Bir İnsanın Anavatanı Çocukluğudur

Bir gün seminere başlamadan önce kısa boylu güler yüzlü birisi geldi,

Hocam elinizi öpmek istiyorum, dedi. Ben el öptürmekten pek

hoşlanmadığım için, yanaktan öpüşelim, dedim, öpüştük. Aramızda şöyle

bir konuşma yer aldı:

- Hayrola, neden elimi öpmek istedin?

- Hocam, üç yıl önce sizin bir seminerinizi katıldım. Hayatım değişti.

O seminerden sonra daha mutlu bir ailem var ve size teşekkür etmek

istiyorum; onun için elinizi öpmek istedim.

- Ne oldu, nasıl oldu?

- Üç yıl önce şirketimizin organize ettiği iki günlük bir seminerde

bizimle beraberdiniz. O seminerin bitişine doğru dediniz ki, "Bir

insanın anavatanı çocukluğudur. Çocukluğunu doya doya yaşayamamış bir

insanın mutlu olması çok zordur. Bir annenin, bir babanın en önemli

görevi, çocuklarının çocukluğunu doya doya yaşamasına olanaklar

yaratmaktır."

Bir süre sustu, bir şey hatırlamak ister gibi düşündü, sonra konuşmaya

devam etti:

- Hatta daha da ilerisi için söylediniz; dediniz ki, "Bir ulusun en

önemli görevi çocuklarının çocukluğunu doya doya yaşamasına olanaklar

yaratmaktır." Ben bir baba olarak sizi duyduğum zaman kendi kendime

düşündüm: Ben bir baba olarak çocuğumun çocukluğunu doya doya

yaşamasına fırsatlar yaratıyor muyum? Böyle bir sorunun o zamana kadar

hiç aklıma gelmediğini fark ettim. Ben ne yapıyorum, diye düşündüm.

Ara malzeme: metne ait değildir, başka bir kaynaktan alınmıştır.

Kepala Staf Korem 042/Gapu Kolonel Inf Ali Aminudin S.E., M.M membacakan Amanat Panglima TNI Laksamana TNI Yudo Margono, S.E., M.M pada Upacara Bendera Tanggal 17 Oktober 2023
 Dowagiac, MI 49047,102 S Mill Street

Benim yaptığım sanırım birçok babanın yaptığının aynısıydı. Dokuz

yaşındaki oğlum ben işten eve gelince beni görmemeye, benden kaçmaya

çalışıyordu. Neden kaçmaya çalışıyordu, biliyor musunuz, Hocam?

- Hayır, neden?

- Çünkü onu görünce hemen şu soruyu soruyordum. "Oğlum bugün ödevini

yaptın mı?" Tuhaf tuhaf bakıyor, gözünü kaçırıyor, daha da

sıkıştırınca, hayır anlamına gelen, "cık" sesini çıkarıyordu.

Kızıyordum, söyleniyordum, "Niye yapmıyorsun ödevini!" diyordum.

Aramızda sürekli tartışmalar, sürtüşmeler oluşuyordu. Tabii bunun

sonucunda bütün aile huzursuz oluyordu.

Burada biraz sustu, soluklandı. Sanki hatırlamak istemediği anılar

vardı; onların üstesinden gelmeye çalışıyordu. Sonra konuşmaya devam

etti:

- Ben sizin seminerinizden çıktıktan sonra düşünmeye başladım. "Ben ne

biçim babayım," diye kendime sordum. Seminer için geldiğim

İstanbul'dan çalışma yerim olan Kayseri'ye gidinceye kadar düşündüm;

otobüste bütün gece düşündüm ve sonra kendi kendime dedim ki, eşimle

konuşayım, biz birlikte bir karar alalım. Diyelim ki bu çocuk isterse

beş yıl sınıfta kalsın, ama doya doya çocukluğunu yaşasın.

- Radikal bir karar!

- Evet, uçta bir karar, ama bu karar içime çok iyi geldi, Hocam.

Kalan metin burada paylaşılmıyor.